> [Material for this task]:
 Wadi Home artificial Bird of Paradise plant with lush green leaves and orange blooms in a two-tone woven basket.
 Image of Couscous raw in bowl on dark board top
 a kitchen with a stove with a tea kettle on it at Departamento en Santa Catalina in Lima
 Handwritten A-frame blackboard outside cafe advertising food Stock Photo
* * *
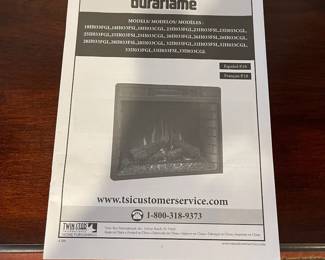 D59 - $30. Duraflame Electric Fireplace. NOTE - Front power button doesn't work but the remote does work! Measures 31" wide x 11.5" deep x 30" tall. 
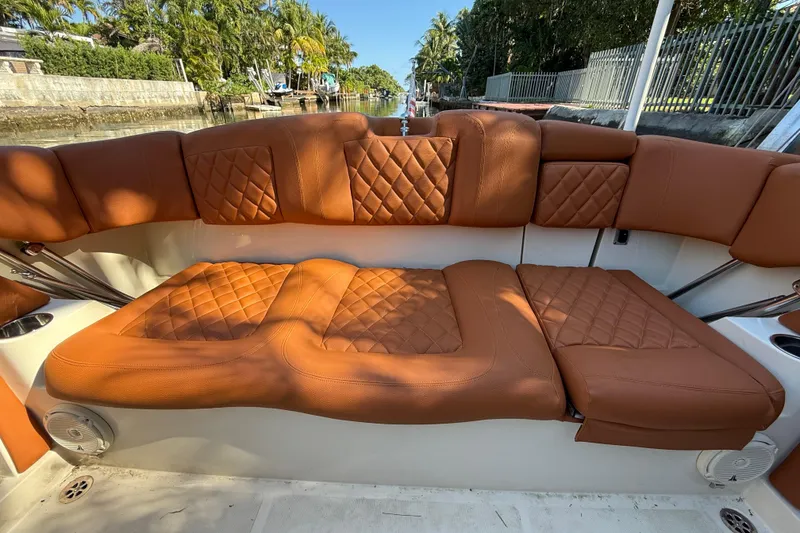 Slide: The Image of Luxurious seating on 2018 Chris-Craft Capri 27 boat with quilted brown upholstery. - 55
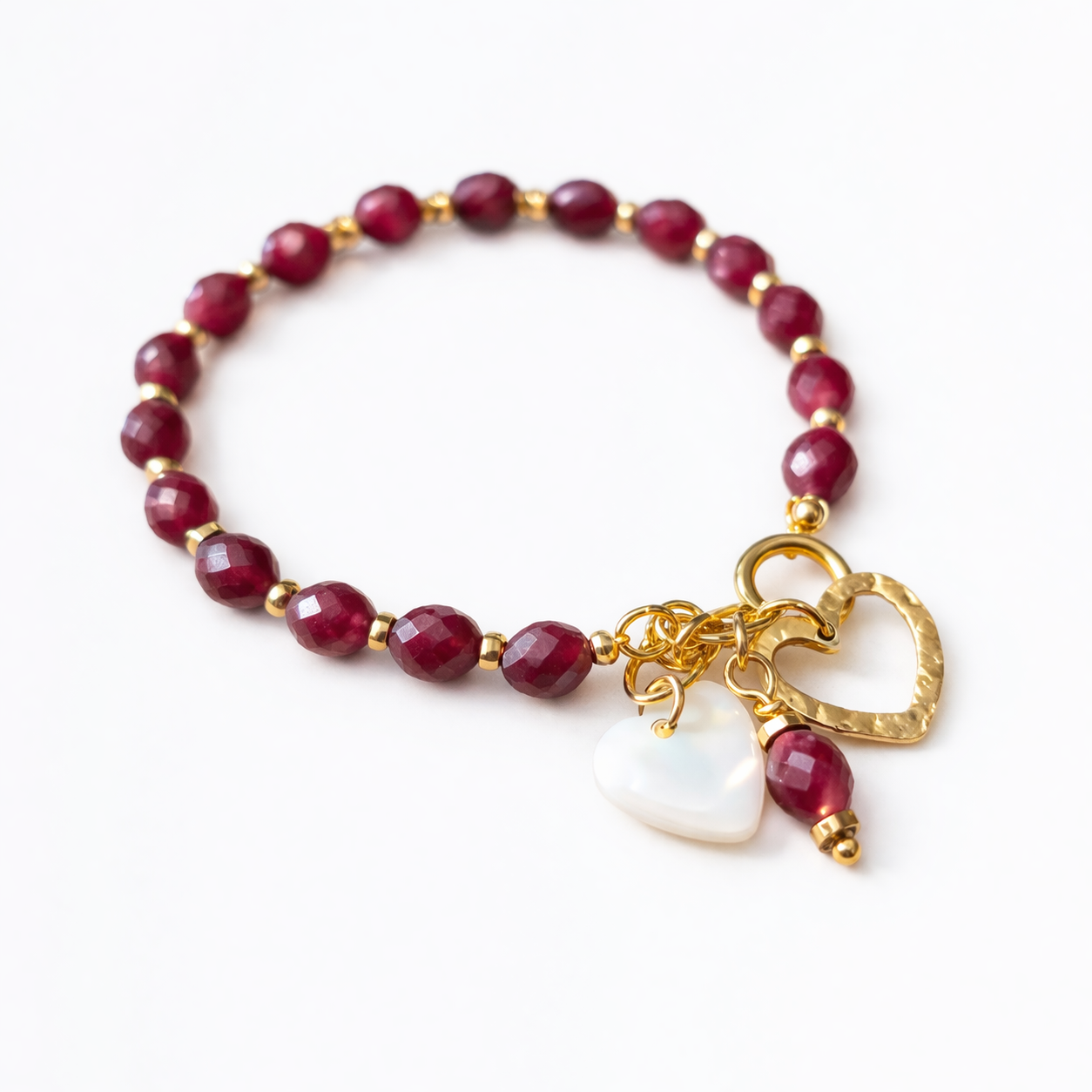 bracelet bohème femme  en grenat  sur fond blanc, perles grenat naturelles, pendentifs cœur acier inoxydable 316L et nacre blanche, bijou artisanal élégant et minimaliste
--
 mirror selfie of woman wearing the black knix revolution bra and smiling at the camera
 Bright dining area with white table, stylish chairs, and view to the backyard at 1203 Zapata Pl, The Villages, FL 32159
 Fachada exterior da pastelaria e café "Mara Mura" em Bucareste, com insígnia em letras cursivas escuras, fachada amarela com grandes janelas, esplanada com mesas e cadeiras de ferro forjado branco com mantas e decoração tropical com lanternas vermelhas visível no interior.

> [Exercise details]: Repeat exactly the lines above, beginning at the one containing "Slide: The Image" and ending at the one containing "bracelet bohème femme". Do not carry over any pictures.

> [Written response]:
 Slide: The Image of Luxurious seating on 2018 Chris-Craft Capri 27 boat with quilted brown upholstery. - 55
 bracelet bohème femme  en grenat  sur fond blanc, perles grenat naturelles, pendentifs cœur acier inoxydable 316L et nacre blanche, bijou artisanal élégant et minimaliste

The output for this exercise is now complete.